Exercise brief
Gather all lines in the records below that include the word "Unisex".

Data under study
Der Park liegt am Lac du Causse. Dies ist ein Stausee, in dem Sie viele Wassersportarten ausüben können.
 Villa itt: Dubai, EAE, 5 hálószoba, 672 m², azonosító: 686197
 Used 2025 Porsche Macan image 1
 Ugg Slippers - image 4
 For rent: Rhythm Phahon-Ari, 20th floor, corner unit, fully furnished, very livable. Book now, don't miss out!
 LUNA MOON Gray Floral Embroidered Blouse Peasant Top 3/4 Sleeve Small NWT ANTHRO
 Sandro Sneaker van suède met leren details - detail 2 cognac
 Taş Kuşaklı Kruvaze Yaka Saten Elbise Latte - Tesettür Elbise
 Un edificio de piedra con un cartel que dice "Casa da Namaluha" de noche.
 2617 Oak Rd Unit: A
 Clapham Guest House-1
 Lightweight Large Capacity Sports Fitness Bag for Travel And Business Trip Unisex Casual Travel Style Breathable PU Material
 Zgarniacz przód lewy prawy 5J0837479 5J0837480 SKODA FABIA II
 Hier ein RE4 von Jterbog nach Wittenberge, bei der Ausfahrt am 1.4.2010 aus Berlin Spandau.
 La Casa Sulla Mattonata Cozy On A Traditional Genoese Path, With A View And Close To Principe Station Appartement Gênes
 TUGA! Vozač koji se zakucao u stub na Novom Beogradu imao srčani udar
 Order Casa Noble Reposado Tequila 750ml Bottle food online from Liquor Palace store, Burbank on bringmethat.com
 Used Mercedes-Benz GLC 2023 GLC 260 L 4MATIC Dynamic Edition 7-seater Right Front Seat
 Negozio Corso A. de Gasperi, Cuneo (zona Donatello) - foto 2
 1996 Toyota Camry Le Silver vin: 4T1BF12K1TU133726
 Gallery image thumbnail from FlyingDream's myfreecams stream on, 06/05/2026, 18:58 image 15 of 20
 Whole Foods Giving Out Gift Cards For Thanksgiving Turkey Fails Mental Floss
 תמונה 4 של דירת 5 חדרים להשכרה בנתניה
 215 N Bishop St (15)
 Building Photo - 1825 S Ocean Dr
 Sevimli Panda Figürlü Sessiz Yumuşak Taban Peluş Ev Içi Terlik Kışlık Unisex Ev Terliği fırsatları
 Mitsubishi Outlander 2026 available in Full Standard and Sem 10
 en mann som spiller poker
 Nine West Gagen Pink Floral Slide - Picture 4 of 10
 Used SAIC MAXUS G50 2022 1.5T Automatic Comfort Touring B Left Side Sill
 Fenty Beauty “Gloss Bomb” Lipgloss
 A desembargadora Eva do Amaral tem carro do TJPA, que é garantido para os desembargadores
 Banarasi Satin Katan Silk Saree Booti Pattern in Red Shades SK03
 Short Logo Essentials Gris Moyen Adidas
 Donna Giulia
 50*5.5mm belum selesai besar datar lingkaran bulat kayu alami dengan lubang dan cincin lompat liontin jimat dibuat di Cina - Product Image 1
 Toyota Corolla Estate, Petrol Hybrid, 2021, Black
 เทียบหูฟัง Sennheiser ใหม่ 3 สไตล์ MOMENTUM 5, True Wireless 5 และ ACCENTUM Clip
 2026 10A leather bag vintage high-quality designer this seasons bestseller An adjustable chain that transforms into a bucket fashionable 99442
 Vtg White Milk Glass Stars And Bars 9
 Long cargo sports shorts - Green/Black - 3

Reply to the task
 Lightweight Large Capacity Sports Fitness Bag for Travel And Business Trip Unisex Casual Travel Style Breathable PU Material
 Sevimli Panda Figürlü Sessiz Yumuşak Taban Peluş Ev Içi Terlik Kışlık Unisex Ev Terliği fırsatları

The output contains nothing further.